Der Vermieter ist grundsätzlich verpflichtet, die vermieteten Räume in einem vertragsgemäßen Zustand zu erhalten, wozu natürlich auch gehört, dass keine fremden Personen unberechtigt Zugang erlangen. Gerade bei besonders schutzbedürftigen Flächen wie Lagern oder Gewerberäumen bestehen erhöhte Sorgfaltspflichten beim Zutrittsmanagement.

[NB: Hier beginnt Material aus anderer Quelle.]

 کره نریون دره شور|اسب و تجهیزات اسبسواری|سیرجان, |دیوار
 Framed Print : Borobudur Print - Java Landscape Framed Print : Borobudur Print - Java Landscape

Grundsätzlich haben Sie durch das elektronische Schließsystem ja den Vorteil, dass positiv nachgewiesen ist, mit welchem Schlüssel der Lagerraum geöffnet wurde. Hätten Sie ohne dieses nachweisbare Schließsystem die Entwendung von Waren festgestellt, wäre es vermutlich ungleich schwieriger, den Vermieter hier in die Haftung zu nehmen.

Grundsätzlich müssen Sie den Eintritt des Schadens und den Zusammenhang mit einer Pflichtverletzung des Vermieters beweisen. Allerdings spricht im Falle eines technisch nachweisbaren, unberechtigten Zugriffs mit einem neu vergebenen Schlüssel viel für eine sog. sogenannte „Beweislastumkehr", bzw. es muss der Vermieter zumindest im Rahmen der sekundären Beweislast darlegen, wie es zur Herausgabe eines weiteren Schlüssels gekommen ist. Grundsätzlich würde ich ja auch erwarten, dass vermerkt wird, an wen dieser Schlüssel herausgegeben wird.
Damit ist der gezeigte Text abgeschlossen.